(Text-to-region grounding data)
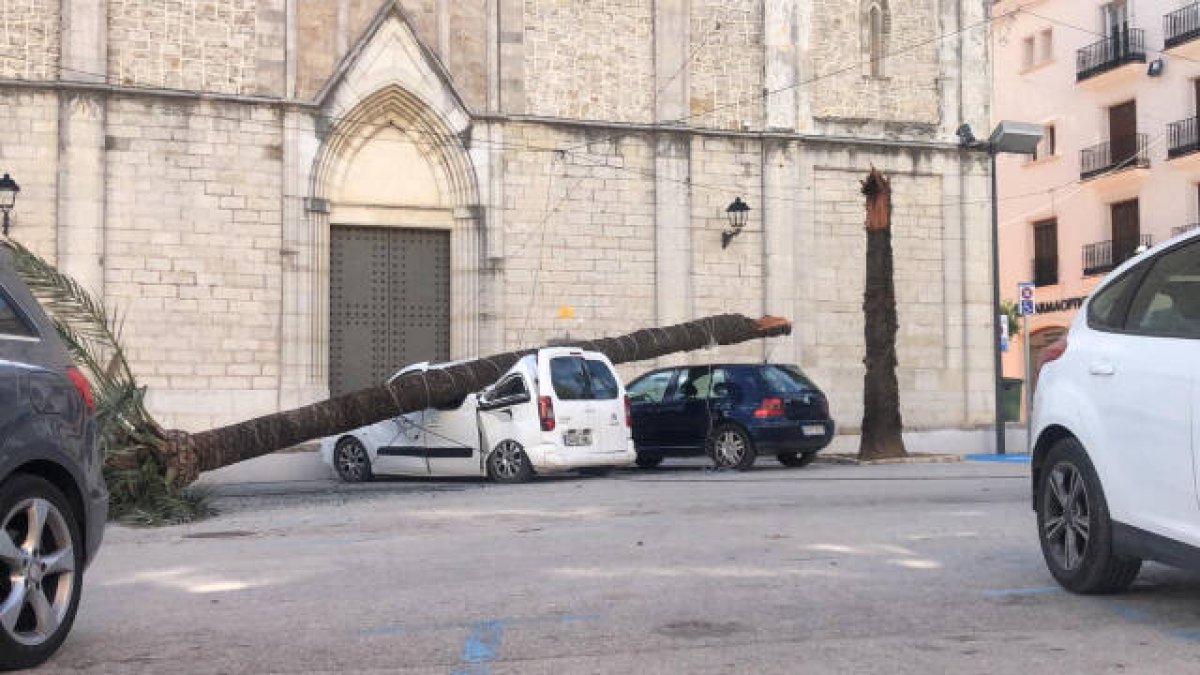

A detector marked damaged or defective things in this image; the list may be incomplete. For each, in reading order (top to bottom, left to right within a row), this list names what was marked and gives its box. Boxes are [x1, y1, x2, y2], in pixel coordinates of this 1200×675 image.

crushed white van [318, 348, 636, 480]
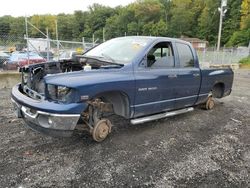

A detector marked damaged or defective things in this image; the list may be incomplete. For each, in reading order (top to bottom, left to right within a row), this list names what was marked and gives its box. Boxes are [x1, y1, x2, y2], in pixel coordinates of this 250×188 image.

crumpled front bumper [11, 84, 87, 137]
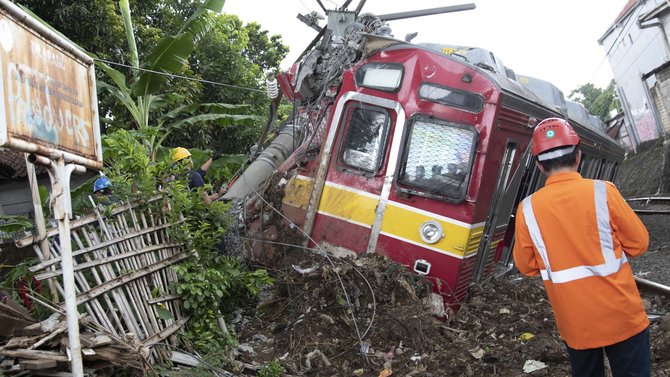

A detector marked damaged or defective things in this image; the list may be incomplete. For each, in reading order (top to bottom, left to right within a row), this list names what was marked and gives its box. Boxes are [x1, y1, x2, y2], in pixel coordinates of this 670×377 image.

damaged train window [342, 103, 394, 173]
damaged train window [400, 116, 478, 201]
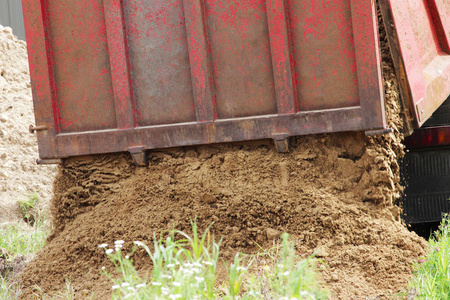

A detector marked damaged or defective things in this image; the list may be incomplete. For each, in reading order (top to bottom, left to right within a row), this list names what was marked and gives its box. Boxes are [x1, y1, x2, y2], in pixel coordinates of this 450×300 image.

→ **ACTION ITEM**:
From the line with "this 250×188 image." to the final line of the entries above, reproduce each line exactly and nothing else; the pictures stay out.

→ **ANSWER BELOW**:
A detector marked damaged or defective things in this image; the list may be incomplete. For each, in reading order (top to bottom, left to right within a row), this list names what was marked and gives its box. Boxes are [x1, y1, x2, y2], in pixel coordinates of this 250×188 image.

crumpled front bumper [11, 84, 87, 137]

A detector marked damaged or defective things in this image; the list may be incomplete. For each, in reading order (top to bottom, left to right within a row), this list names what was marked and gives its box. Boxes are [x1, y1, x2, y2], in pixel coordinates of this 670×377 image.

damaged train window [342, 103, 394, 173]
damaged train window [400, 116, 478, 201]

A detector marked damaged or defective things in this image; the list may be incomplete. For each, in reading order (top to bottom, left to right within a row), this list names what was marked and gives its box. Boxes are [x1, y1, x2, y2], in pixel coordinates of this 450×300 image.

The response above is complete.